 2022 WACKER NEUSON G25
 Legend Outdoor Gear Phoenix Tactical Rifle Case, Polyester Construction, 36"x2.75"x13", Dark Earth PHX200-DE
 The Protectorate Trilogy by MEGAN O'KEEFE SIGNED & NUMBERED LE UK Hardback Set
_ _ _ _ _ _ _
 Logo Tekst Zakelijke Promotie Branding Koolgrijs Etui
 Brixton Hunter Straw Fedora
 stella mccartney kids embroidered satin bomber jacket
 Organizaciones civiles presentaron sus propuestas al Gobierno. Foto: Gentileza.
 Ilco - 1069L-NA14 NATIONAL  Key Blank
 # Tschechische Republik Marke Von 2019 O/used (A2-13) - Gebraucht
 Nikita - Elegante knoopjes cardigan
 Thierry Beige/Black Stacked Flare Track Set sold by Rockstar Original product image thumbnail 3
_ _ _ _ _ _ _
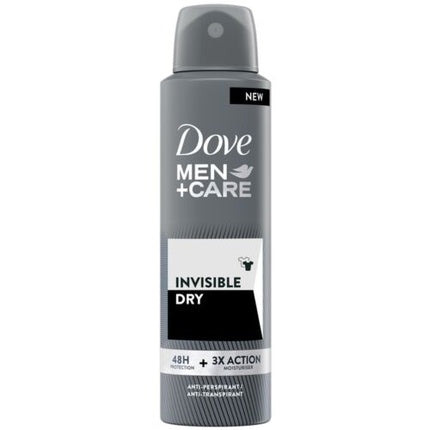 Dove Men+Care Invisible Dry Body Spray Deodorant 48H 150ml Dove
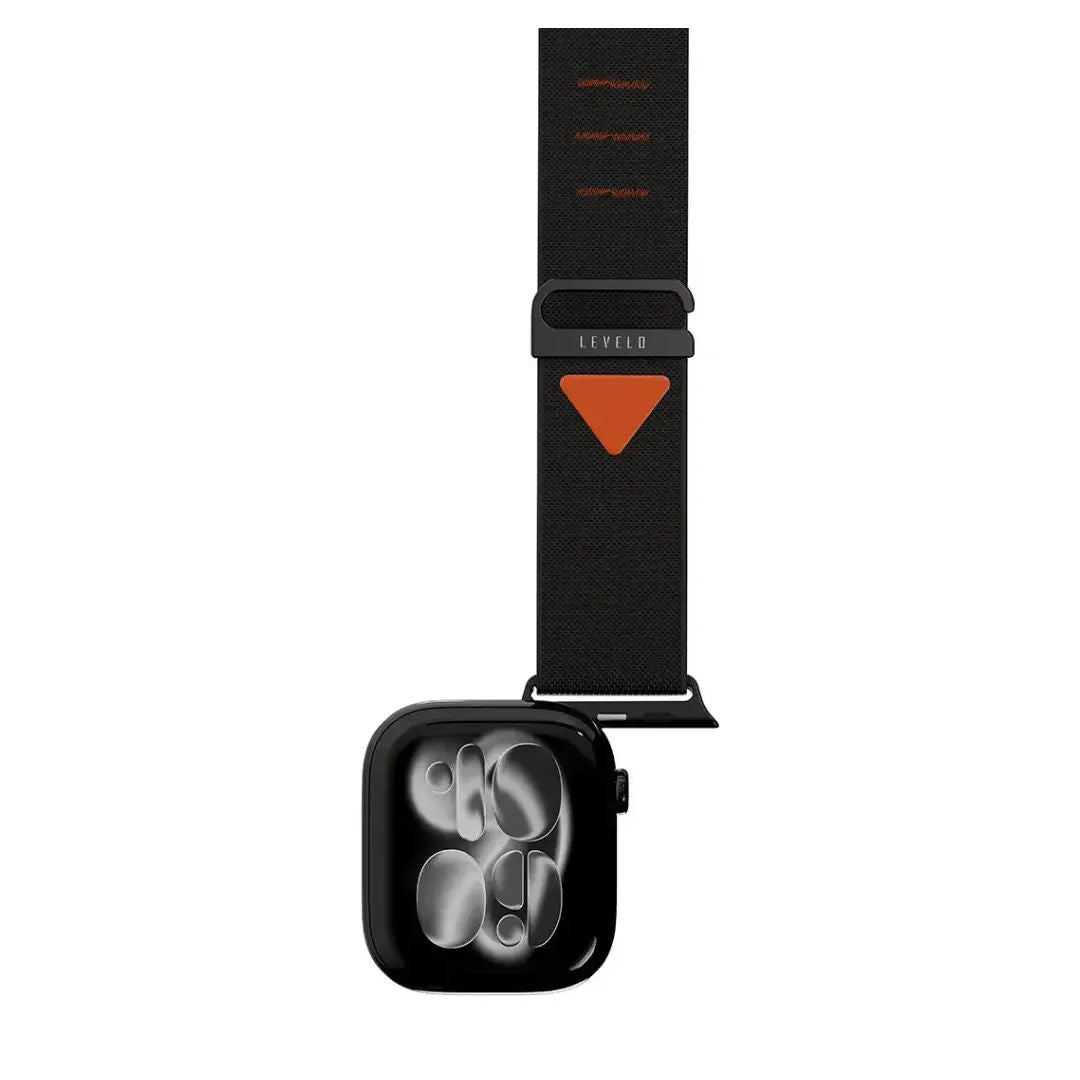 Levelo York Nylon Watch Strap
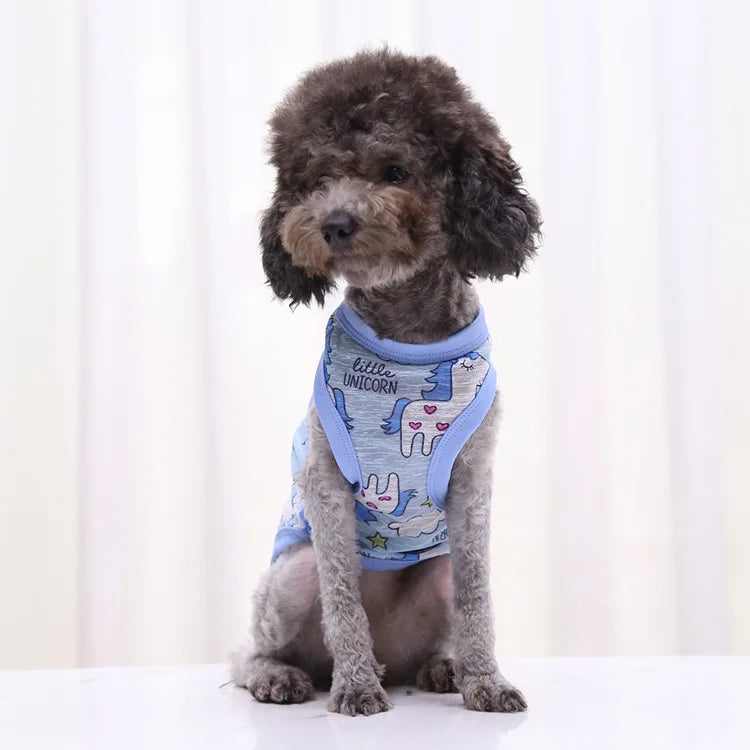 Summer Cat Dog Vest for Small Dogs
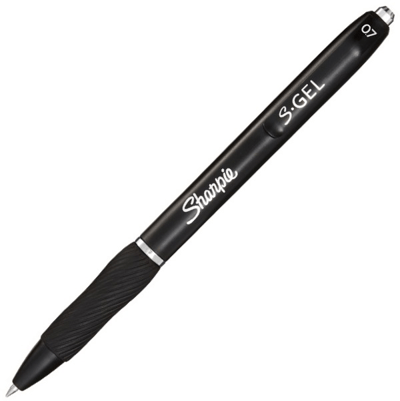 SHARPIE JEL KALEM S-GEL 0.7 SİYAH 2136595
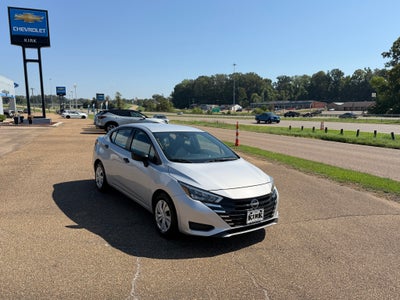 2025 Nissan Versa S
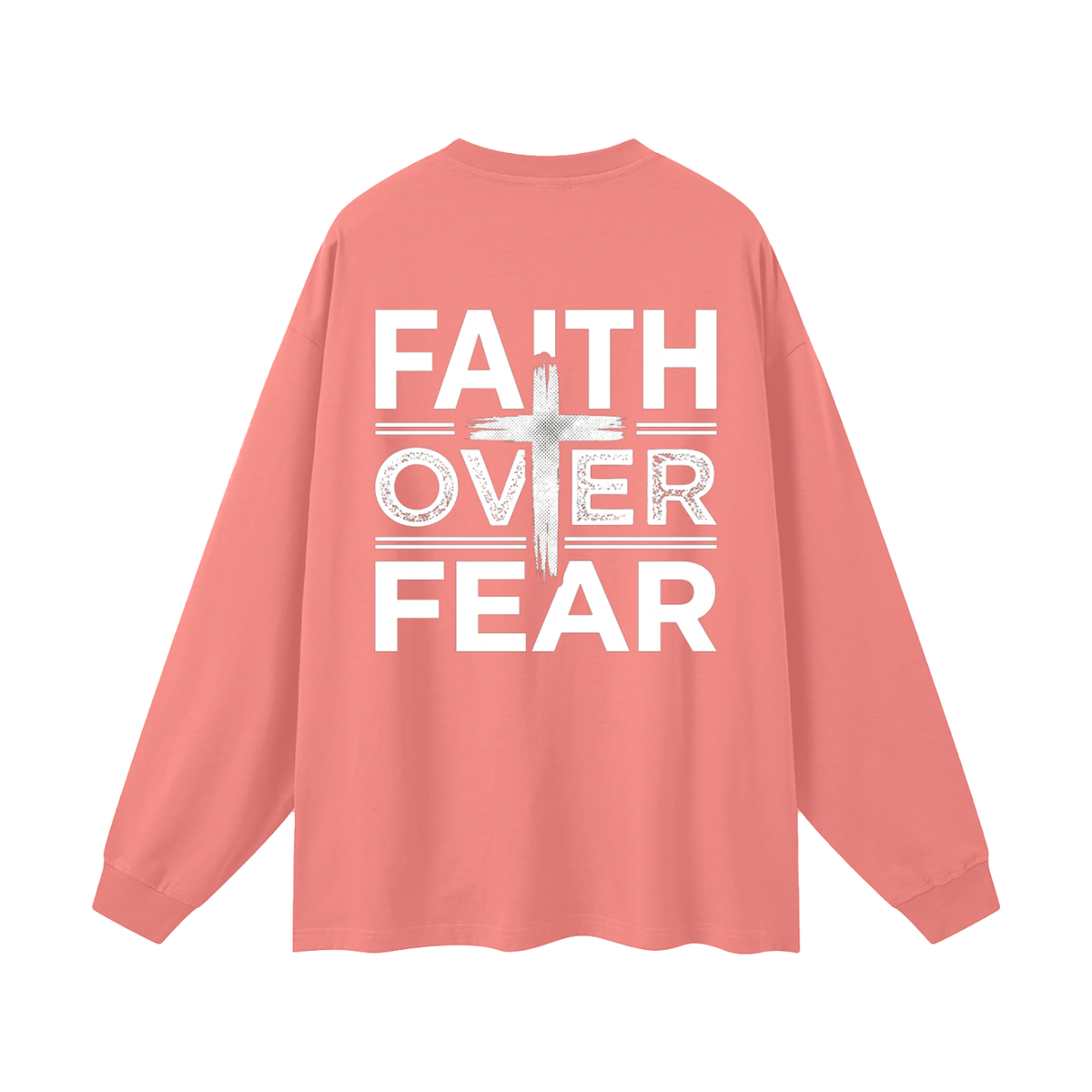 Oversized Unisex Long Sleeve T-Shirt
_ _ _ _ _ _ _
> _WORK TO COMPLETE_
In the data above, find the line that contains "stella mccartney kids" and the line that contains "Nikita - Elegante knoopjes cardigan". Repeat exactly those lines and every line between them, and only those.

> _ANSWER FOR THIS EXERCISE_
 stella mccartney kids embroidered satin bomber jacket
 Organizaciones civiles presentaron sus propuestas al Gobierno. Foto: Gentileza.
 Ilco - 1069L-NA14 NATIONAL  Key Blank
 # Tschechische Republik Marke Von 2019 O/used (A2-13) - Gebraucht
 Nikita - Elegante knoopjes cardigan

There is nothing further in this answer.